世界最高齢81歳でセクシー女優デビュー!

「現役のすごい人」に直撃!(3)

小笠原祐子さん

 なんと御年81歳でAV女優としてデビューした、小笠原祐子さん(85)。世界最高齢でデビューした彼女だが、もともとはごく普通の主婦だったそう。

「結婚生活35年、夫とべったりだったからね。59歳で死に別れてね、今までを取り返すみたいに飲み歩いたわね(笑)」(小笠原さん)
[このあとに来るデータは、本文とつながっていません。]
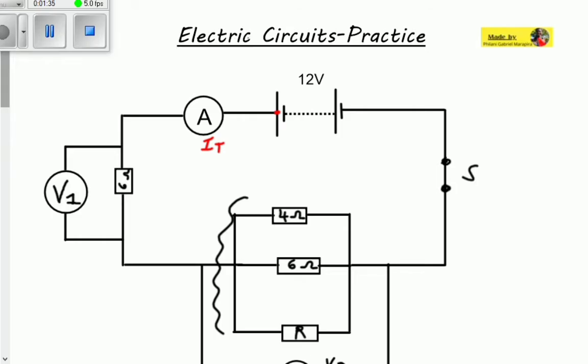We are given 12 volts on the cells. Remember that voltage is the energy given to the charges so that they can move around. This energy is provided by the battery, which is why this is called the EMF — or the total voltage of the circuit. We also have switch S, which is closed, meaning that current is flowing through the whole entire circuit.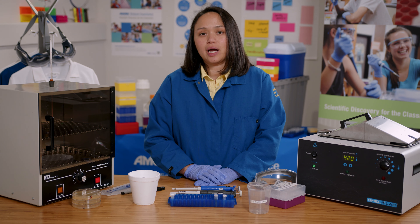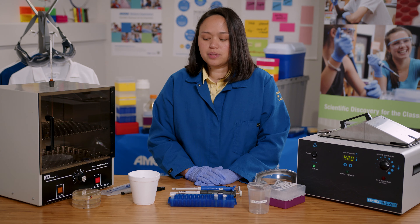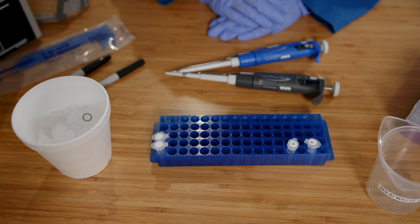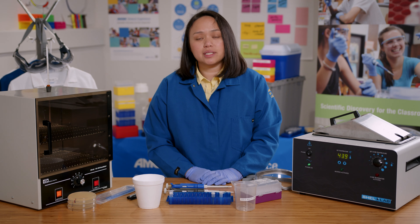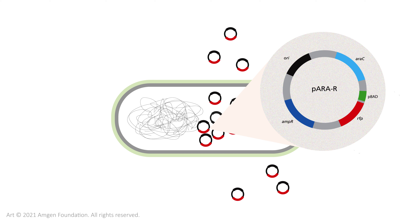Here are the reagents and equipment I will use to conduct lab 5a. I will start off with two tubes, competent cells, and the plasmid. The competent cells are E. coli cells that have been specifically prepared to take up the plasmid. The plasmid is the same plasmid I digested and confirmed that the genes of interest are present.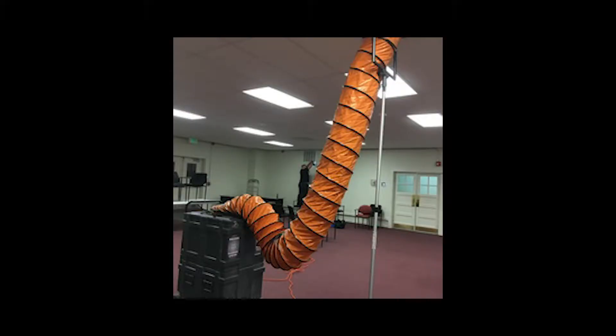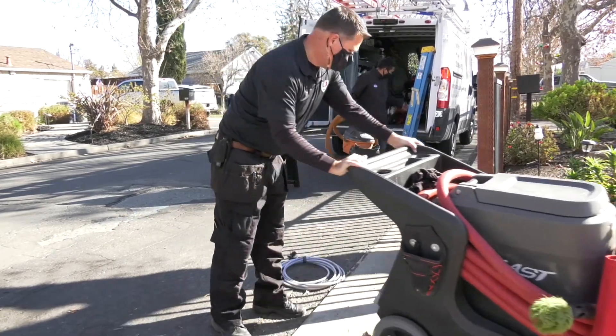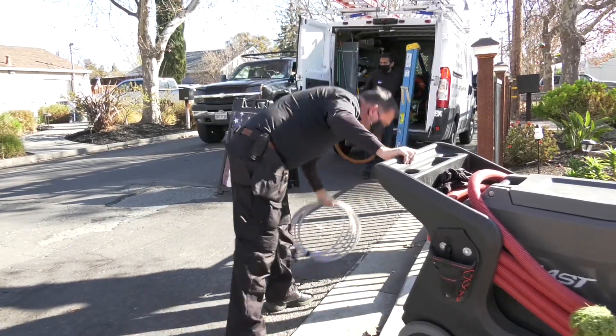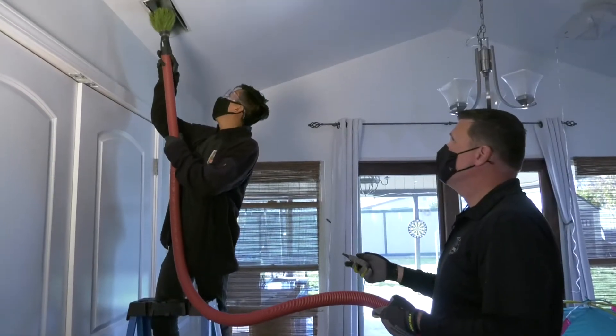UV light is a germicidal machine that's connected to your HVAC system and kills all the bacteria, germs, and prevents mold from coming into your HVAC system. That's one of the best machines you could use right now, especially these days with COVID, making sure that you eliminate any bacteria, kill the mold, and prevent restricted airflow into the air duct system.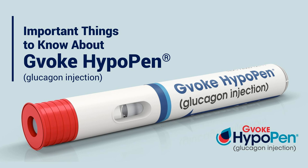Gvoke shouldn't be used in patients with pheochromocytoma or insulinoma. Visit GvokeGlucagon.com/risk. Please stay tuned for more important safety information at the end of this podcast.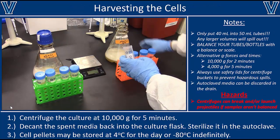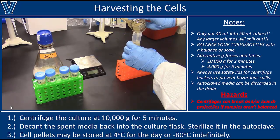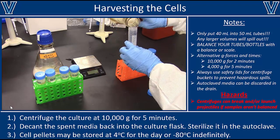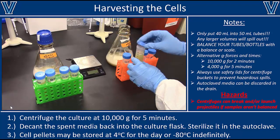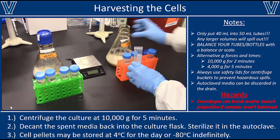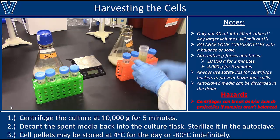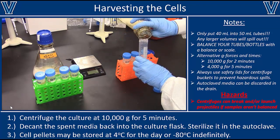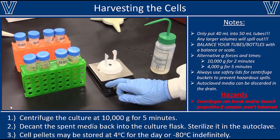The last thing to cover is harvesting the cells. If you have a large culture, dispense it into 50 ml tubes to centrifuge the cells. With a 250 ml culture split into tubes, only put 40 ml into each one — many tubes, even well-designed ones, will leak a little if filled completely and centrifuged at high speed, which is a bad situation with living cells contaminating your centrifuge. So I'm only putting 40 ml in each 50 ml tube; I'll need more tubes but I'll prevent leaks.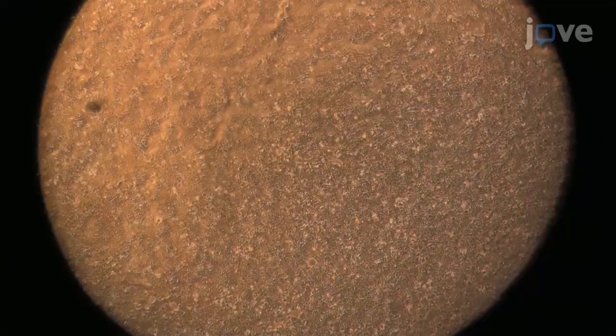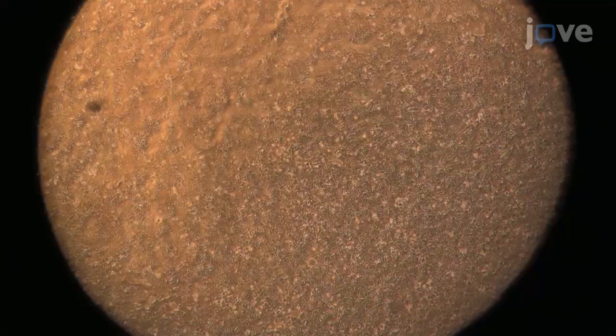Under a microscope, confirm tumor cell growth and count the cells in culture. Using an ultra-low adhesion 96-well plate with concave round bottoms, seed 5,000 primary tumor cells or 1,000 to 2,000 cells.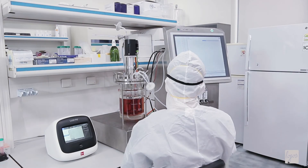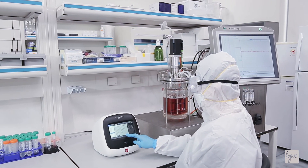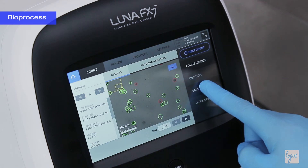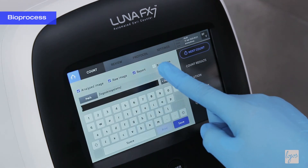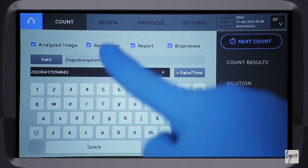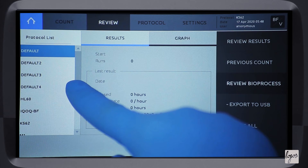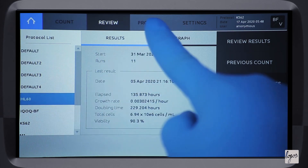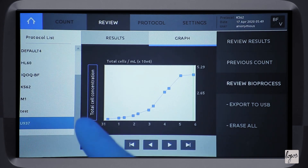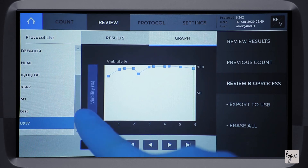To better accommodate production and QC/QA cell counting needs, separate new features are available. In the BioProcess mode, the LUNA FX7 allows you to monitor the progression of multiple batches under separate protocol names. This feature calculates doubling times and charts proliferation curves, allowing you to trace production, monitor the health of your cells, and more easily schedule downstream activities.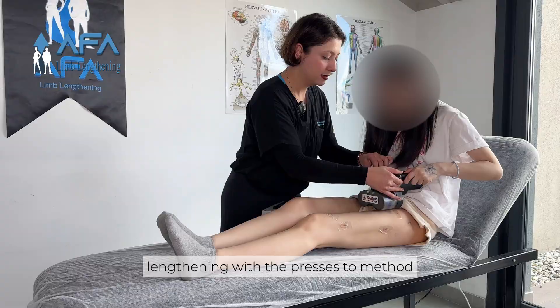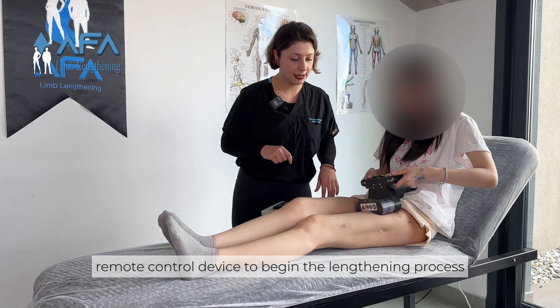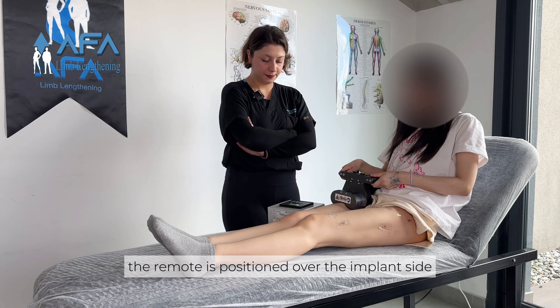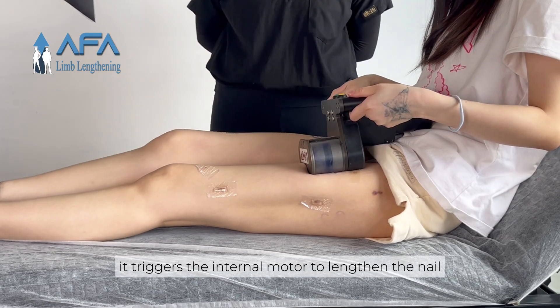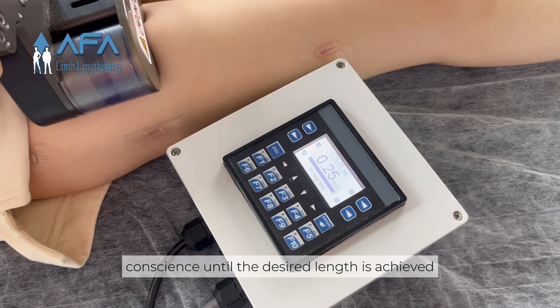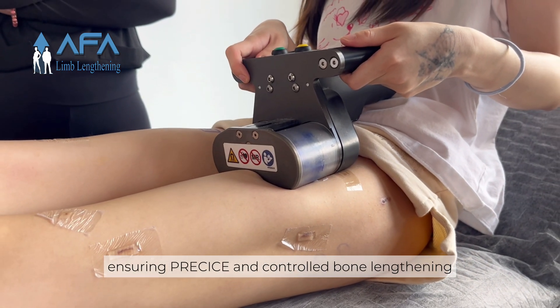Lengthening with the PRECISE2 method involves a few key steps. Patients use the external remote control device to begin the lengthening process. The remote is positioned over the implant site, and with a simple activation, it triggers the internal motor to lengthen the nail. Gradually, this daily adjustment continues until the desired length is achieved, ensuring precise and controlled bone lengthening.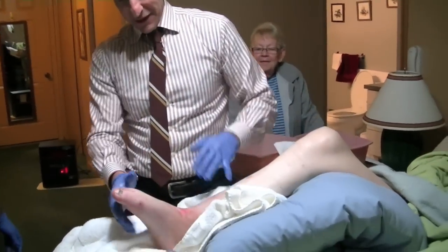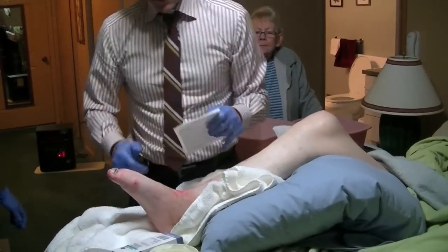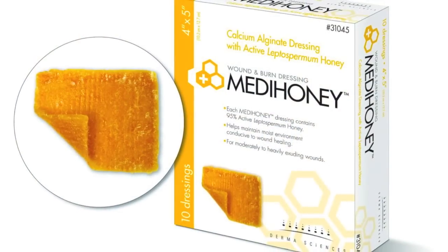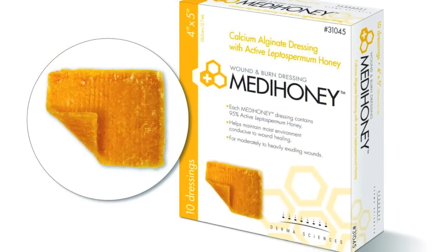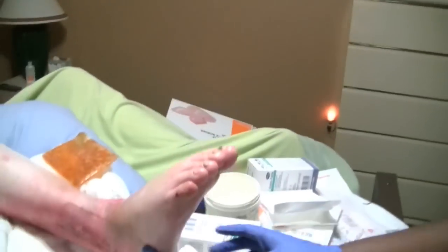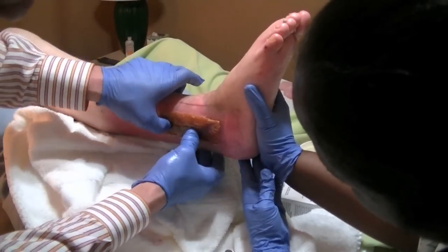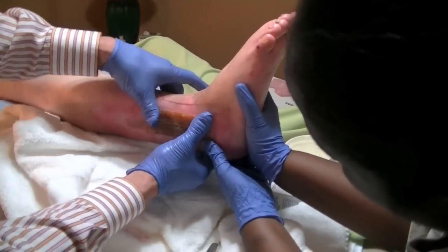So the next part is MediHoney. MediHoney is an absorbent with a high sugar content. It has been shown to be very effective for keeping the surface of the wound free of bacteria.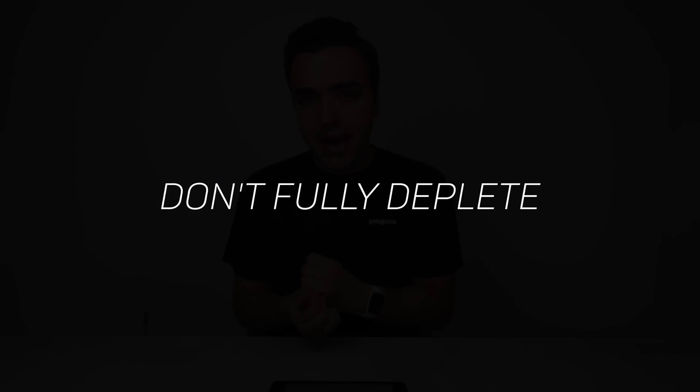The next usage tip is don't fully deplete your battery. When flying, you'll typically land between 15-25%, so you're rarely going to fully drain it. The concern is if you use the battery as a power bank to charge your iPad or iPhone — that could fully drain the cells, which isn't good for them. So again, don't use it as a battery bank.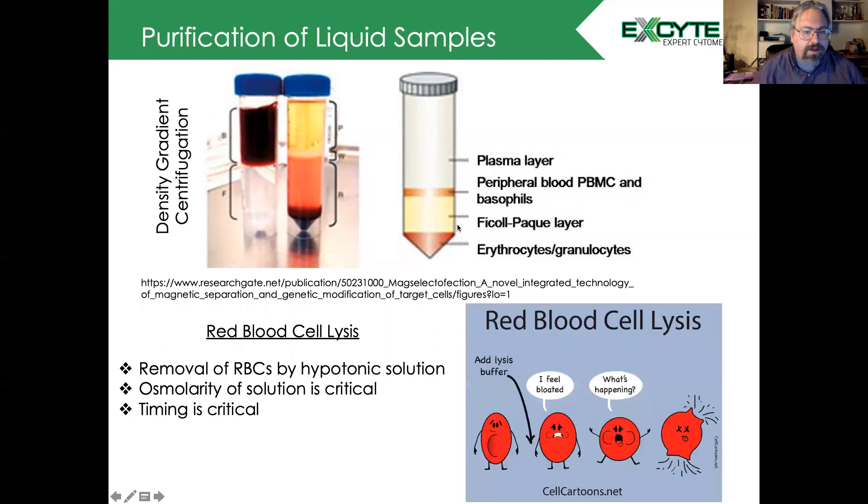Another step in purifying both liquid and other samples includes red blood cell lysis. The idea is that we remove red blood cells using a hypotonic solution, which causes the cells to swell and burst. The osmolarity of this solution is critical because you're running the edge between lysing the red blood cells and lysing the cells that you're interested in. Additionally, timing is critical for this process. If you're going to use a red blood cell lysis solution, make sure you test it on the cells you'll be working with and validate the protocol.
 持ち前の好奇心とコミュニケーション能力の高さで、声のかかるままスナックや居酒屋の店長など、次々と60歳を過ぎてから新しいことに挑戦し、周囲から「ママ」と慕われていた小笠原さん。80歳を前に仕事もそろそろリタイアを考えていたころ、旧知の友人から、突然AV女優へのスカウトを受けたという。

「あたしはダンナ以外の男は知らないし、亡くなってからセックスなんかずーっとしてなかったのよ。でも撮影現場を見学したときに『あたしがやるならイケメンの若い子じゃなきゃやだな~』ってひとり言を言ったら『そういうのをちゃんとそろえます!』って(笑)。2週間後には撮影の段取りができたって連絡してきたんで、心を決めました」(小笠原さん)

 現在主演作は7作品という、業界最高齢の人気女優に!

「あたしの生き方ってのはね、ダンナがいないから自由にできるのよ。みんなにやりなよってすすめられることじゃない。でもね、新しいことをするっていうのは本当に楽しいこと。こんなご時世だからなかなか難しいけど、同世代のみなさんにはなるべく外の空気を吸って、いろんな刺激を受けてほしいと思います」(小笠原さん)

 今秋には1年ぶりの撮影も予定している小笠原さん、熟女AV業界の金字塔を今後も打ち立てていくこと間違いなし!

小笠原祐子さん 撮影/近藤陽介

 1935年生まれ、神奈川県横浜市出身。趣味は車の運転で、現在も若者に運転を教えているとか。最新作は『お婆ちゃん逆ナンパ』(2019 ルビー)。「同世代の方で、AV女優をやってみたい方がいたらご紹介しますよ(笑)」(小笠原さん)

年金もらう愛され“若手芸人” 

「現役のすごい人」に直撃!(4)

 ●ティーチャさん「めいどのみやげ」

 芸人史上初、年金をもらう傍らデビューを果たした人がいる。お笑いコンビ「めいどのみやげ」のティーチャさん(86)。娘のサッチィーさんとともに73歳でコンビを結成、史上最高齢、当時は故・桂歌丸師匠より1歳年上の“若手芸人”としてデビューした。

 大学卒業後就職するも、演芸の世界でも活動。最終的な職業は「高校の体育教師」だった。

「48歳で教員免許を取得し、49歳で体育の先生を始めたんですが、始まりの15分は『俺の時間』だと決めていて、ネタを披露しながら授業の説明をしていました。あるクラスでウケたのが違うクラスではウケなかったりして、それも勉強になりました」(ティーチャさん)

 現在のネタの多くは「B29を竹槍で落とした」などの昔話や、「老い」そのものを題材にしたもので、普通の若手ではありえないいぶし銀すぎる芸がウケ、寄席にも呼ばれるなど、年下の先輩芸人たちからも可愛がられている。また、俳優としても重宝され、入れ歯のCMや映画出演など、培ってきた芸を幅広く活用している。

 現在はコロナ禍でライブの仕事ができないのが残念だというが、来る日のために1日5000歩のウォーキングは欠かしていない。

「やっぱり年齢をいい訳にしたりして躊躇(ちゅうちょ)しないで、自分がやりたいと思ったことはどんなことでもトライするべきです!私もいつまでもわくわくしたい。今の言葉で言うと『キュン』ですか?死ぬ瞬間まで元気でがんばりたいと思います!」(ティーチャさん)

ティーチャさん

 サンミュージック所属。1935年生まれ、東京都出身。ピン芸人「年金ちゃん」としての活動も。映画『哀愁しんでれら』(2021)では土屋太鳳・田中圭との共演も果たす。現在、娘が作った『バリアフリー音頭』で新人賞を狙っているそう。